Kedua yaitu asumsi gangguan pada kesehatan di masyarakat. BNPB bakal melihat berapa banyak warga yang mengalami Infeksi Saluran Pernapasan Akut (ISPA) dan gangguan kesehatan lainnya. Selain itu, BNP bakal menghitung kerugian pada kegiatan perekonomian masyarakat. Di dalamnya termasuk perdagangan, pariwisata, hingga perhubungan air udara dan alur yang mengalami keterlambatan atau delay.
Pada 10 September 2019, BNPB menyatakan luas lahan yang terbakar dalam kurun waktu Januari hingga Agustus 2019 mencapai 328.724 hektare. Kebakaran terbanyak terjadi di Riau dengan luas mencapai 49.466 hektare atau 14,9 persen dari luas lahan yang terbakar di Indonesia.

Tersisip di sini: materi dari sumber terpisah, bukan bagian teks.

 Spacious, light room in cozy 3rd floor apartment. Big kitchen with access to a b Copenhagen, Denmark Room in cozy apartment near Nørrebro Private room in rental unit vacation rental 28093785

Akan tetapi, saat ini, BNPB masih menghitung kerugian akibat kebakaran ini. “Untuk sementara, data serta informasi kejadian dan dampaknya juga belum valid betul,” kata Rifai 
Direktur Jenderal Penegakan Hukum Kementerian Lingkungan Hidup dan Kehutanan, Rasio Ridho Sani, mengatakan pihaknya akan menghitung kerugian yang ditimbulkan akibat kebakaran hutan. Namun, KLHK hanya akan menghitung kerugian lingkungan terkait gugatan ganti rugi, tidak kerugian secara keseluruhan. Namun, belum ada angka pasti soal kerugian tersebut saat ini. “Kami belum menghitung,” kata dia.